Mastering the median of grouped data helps summarize large datasets effectively. These tips guide you to identify the median class and calculate it accurately.

• Understand the concept of median and how it divides data into two equal halves.
   
• Learn to identify the median class using cumulative frequency.
   
• Memorize the formula for calculating the median of grouped data.
   
• Practice with different datasets to become comfortable with class intervals and frequency tables.
   
• Use step-by step methods to avoid mistakes in calculations, especially with large datasets.
   

• The "Middle Student" Analogy: Start without numbers. Ask the student to imagine a school assembly where students are lined up by height in groups (e.g., 140-150cm group, 150-160cm group). Explain that finding the median is like walking down the line to find the exact student standing in the middle position. Since we only know which group they are in, we have to use a formula to estimate exactly where they stand within that group.
   

• Visualize the Area Split: Use a histogram to show that the median is the "Equal Area Line." Draw a histogram on graph paper and explain that the median vertical line cuts the total area of the bars exactly in half (50% area on the left, 50% on the right). This visual connection helps them understand why we calculate N/2.
   

• Explain Interpolation Simply: The most confusing part for students is often why the formula looks so complex. Explain that the formula is just "interpolation." It assumes the data points are spread out evenly inside the median class. We are simply calculating how far into that specific class we need to go to reach the middle count.
   

• The "Running Total" (Cumulative Frequency): Before jumping to the formula, practice calculating Cumulative Frequency (cf) as a "running total." Use the analogy of a video game score or a bank savings account that keeps adding up. Emphasize that without the cf column, we cannot locate which group the middle value lives in.
   

• Decode the Variables: Students typically get overwhelmed by the letters (L, f, cf, h). Create a "Cheat Sheet" where they label these variables in plain English alongside the math symbol:

  • L = The Starting Line (Lower limit of the median group)

  • h = The Step Size (Width of the class interval)

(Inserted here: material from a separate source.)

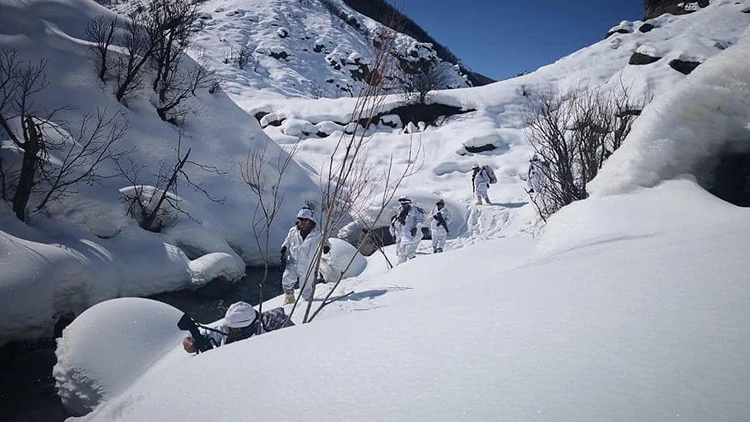Jandarmadan teröristlere amansız takip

  • f = The Crowd Size (Frequency of the median group)
     

• Use Discrete Examples First: Before using continuous grouped data (0-10, 10-20), revisit a simple list of numbers (e.g., 2, 5, 9, 12, 14). Show that the median is 9. Then group them and show how the formula gets us a value close to 9. This bridges the gap between what they already know (ungrouped median) and the new concept (grouped median).

The median of grouped data is applied in income distribution, exam results, and healthcare analysis. Let us now see the various fields and applications we use in median of grouped data:

Income and wealth distribution analysis: We use the median of grouped data in income and wealth distribution, where Governments and economists use the median income to understand income inequality in a country.

Exam results: We use the median of grouped data in exam results, where schools and universities analyze students’ marks using the median to determine a typical student’s performance.

Healthcare and medical studies: We use the median of grouped data in medical studies and healthcare, where hospitals use the median length of hospital stays for specific treatments to measure healthcare efficiency.

Real estate pricing: Median property prices in a region are calculated using grouped data to understand typical housing costs and market trends.

Customer spending analysis: Retailers use the median of grouped data to determine the typical amount spent by customers, helping in pricing and marketing strategies.